Adler wiederholte den Ortsnamen leise. Dann umklammerte er den weißen Aktenordner mit beiden Händen, als ob er ihn festhalten müsste, damit er nicht davonschwebte in die unergründlichen Höhen dieses viktorianischen Kerkers, den man ihm als Büro zumutete. Dann hellte sein düsteres Gemüt sich ein wenig auf. »Wer hat die Leiche aus der Tiefkühlkammer geholt und zum Leichenwagen transportiert?«

»Lowe und … der andere war, glaube ich, Frank Jessup.«

»Schicken Sie beide zu mir hoch.« Adler vergaß die schlackernden Hosen, stand auf und ging zum Fenster. Das Glas hatte bestimmt seit Monaten kein Fensterleder mehr gesehen. »Sie sind mir dafür verantwortlich, dass die Angelegenheit absolut vertraulich behandelt wird, verstanden?«

»Ja, Sir«, sagte Grimes automatisch.

»Und finden Sie, gottverdammt noch mal, raus, wie der Kerl aus Block E entkommen konnte.«

»Ja, Sir.«

»Sagen Sie allen vom Personal: Falls jemand gegenüber der Presse auch nur ein Wort verlauten lässt, ist er gefeuert. Keine Polizei, keine Presse. Wenn einer von denen hier auftaucht, schicken Sie ihn zu mir hoch. Unser Job hier ist hart genug, oder sehen Sie das anders? Na also. Und – äh – die beiden Wärter … zu mir. Sofort.«

»Ronnie, fühlst du dich jetzt besser?«

»Mir geht’s gut«, zischte der übergewichtige junge Mann wütend. »Also, wie steht’s? Was werden Sie dagegen unternehmen? Mal ganz ehrlich.«

Dr. Richard Kohler spürte, wie sich die billigen Sprungfedern verzogen, als der Patient im Bett nach oben rutschte, bis fast ans Kopfteil, so weit wie möglich von ihm weg, als sei er schuld an allem, was Ronnie quälte. Ronnies Blick huschte unruhig hin und her, voller Misstrauen gegen den Mann, der ihm in den letzten sechs Monaten Vater, Bruder, Arzt und Freund gewesen war. Nun musterte er ihn aus Augen, denen nichts entging – nicht die gewellte Locke im schütter werdenden Haar des Arztes, nicht sein hageres Gesicht, die schmalen Schultern, die beinahe mädchenhaft schlanke Taille. Es war, als wolle er sich Kohlers Aussehen unauslöschlich einprägen, um nötigenfalls der Polizei eine möglichst genaue Personenbeschreibung geben zu können.

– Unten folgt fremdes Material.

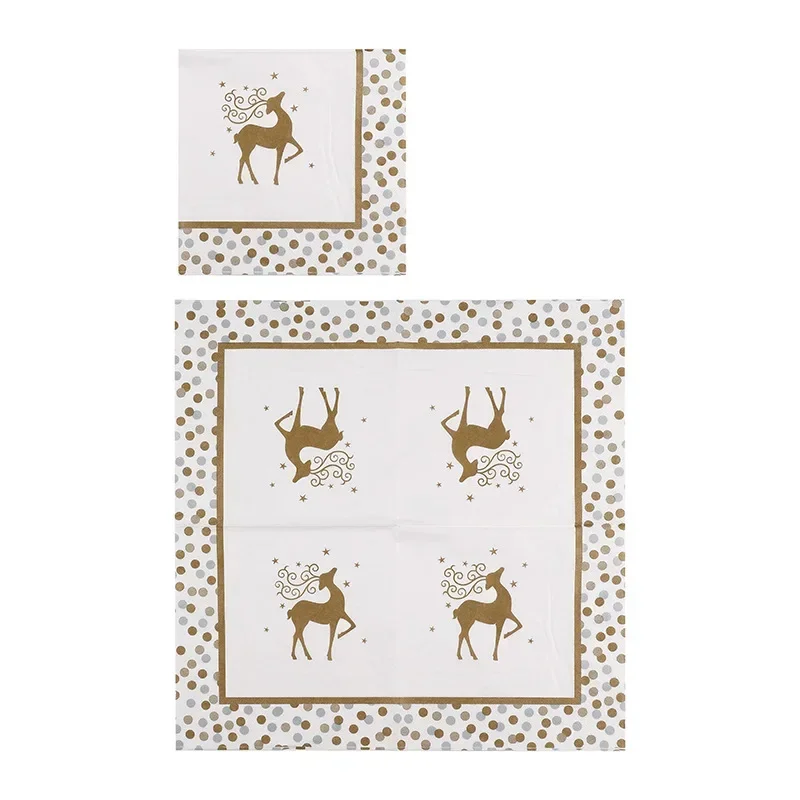 20pcs 33cm 2-Ply Christmas Napkins Golden Elk Gold Trimmed Polka Dot Printed White Paper Placemats Ambient Decorative Paper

»Bedrückt dich irgendetwas, Ronnie?«

»Ich kann das nicht verkraften. Ich schaff’s nicht, Doktor. Es macht mir einfach zuviel Angst.« Er winselte wie ein Kind, das sich gegen ungerechte Vorwürfe wehrt. Und dann, von einem Augenblick zum anderen völlig ruhig und vernünftig, sagte er im Plauderton: »Ich glaube, es ist vor allem dieser Dosenöffner.«

»Oder liegt’s vielleicht an der Küche? Diese Küchenarbeit – ist es die vielleicht?«

»Nein, nein, nein«, wimmerte Ronnie, »der Dosenöffner, den kann ich nicht verkraften. Ich weiß nicht, warum Sie das nicht verstehen.«

Kohler musste gähnen – so herzhaft, dass sein ganzer Leib dabei zu beben schien. Sein Körper verlangte so nach Schlaf, dass er bereits Schmerzwellen aussandte. Kein Wunder, der Arzt war seit drei Uhr auf den Beinen. Hier, in der halboffenen Abteilung, hielt er sich seit heute Morgen um neun Uhr auf. Zuerst hatte er den Patienten dabei geholfen, das Frühstück zuzubereiten und den Tisch zu decken. Um zehn Uhr hatte er vier von ihnen zu ihrer Arbeitsstelle gefahren. Halbtagsjobs, wenigstens das. Er musste jeden Tag, auch heute, eine Menge Zeit aufwenden, um den anderen Angestellten zu erklären, wie es um seine Patienten stand und dass sie von ihnen nichts zu befürchten hätten.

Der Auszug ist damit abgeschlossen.